In [None]:
# Imports
import numpy as np
import pandas as pd
import matplotlib.pyplot as plt
from sklearn.preprocessing import StandardScaler
from sklearn.cluster import KMeans

wine = pd.read_csv('https://s3.us-east-1.amazonaws.com/General_V88/boomyeah2015/codingdojo/curriculum/content/chapter/1613254703__modified_wine.csv')
df = wine[['malic_acid', 'flavanoids']]
df.head()

In [None]:
# Instantiate Standard Scaler
scaler = StandardScaler()
# Fit & transform data.
scaled_df = scaler.fit_transform(df)

### KMeans  
One of the drawbacks of the KMeans algorithm is that there is no clear way to determine how many clusters to use. In the graph below,
we can visually check how many clusters we think we should have since our data is only 2-dimensional.

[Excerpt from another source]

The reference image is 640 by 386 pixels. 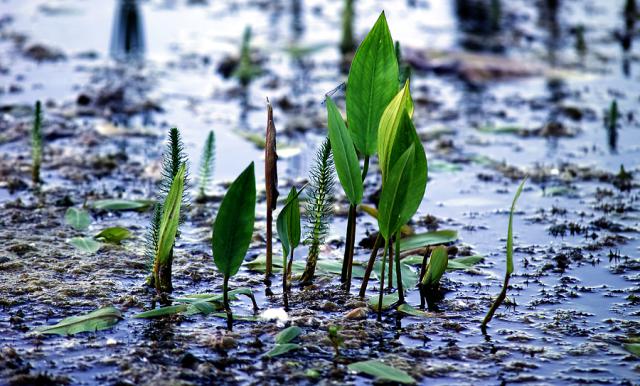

### Note: KMeans can fit on any number of columns!  
In this example we are only fitting on two columns for the purpose of plotting, however, realistically, most of the data we work with will be
multi-dimensional. If possible, we can use domain knowledge or work with a subject matter expert to determine which features we

should include and how many clusters are reasonable. We can also use scores such as the Silhouette Score to determine how well-
defined our clusters are -- more on this later.

In [None]:
# Visualize data
plt.scatter(df['malic_acid'], df['flavanoids'])
plt.xlabel('Malic Acid')
plt.ylabel('Flavanoids');

In [None]:
# Instantiate KMeans
kmeans = KMeans(n_clusters = 2)
kmeans.fit(scaled_df)
# Save the cluster labels to the dataframe
df['cluster'] = kmeans.labels_
# Visualize the clusters
plt.scatter(df['malic_acid'], df['flavanoids'], c = df['cluster'])
plt.xlabel('Malic Acid')
plt.ylabel('Flavanoids')
plt.title('Clusters of Wine Varieties');

In [None]:
# Nice! We've just used the KMeans algorithm to cluster our data into two different groups of wine! Something important to note is that you
# may occasionally get data points in unexpected clusters (like the two yellow points in the graph above that appear to fit better in the
# purple cluster). This can happen because of the random initialization of the centroids in the algorithm!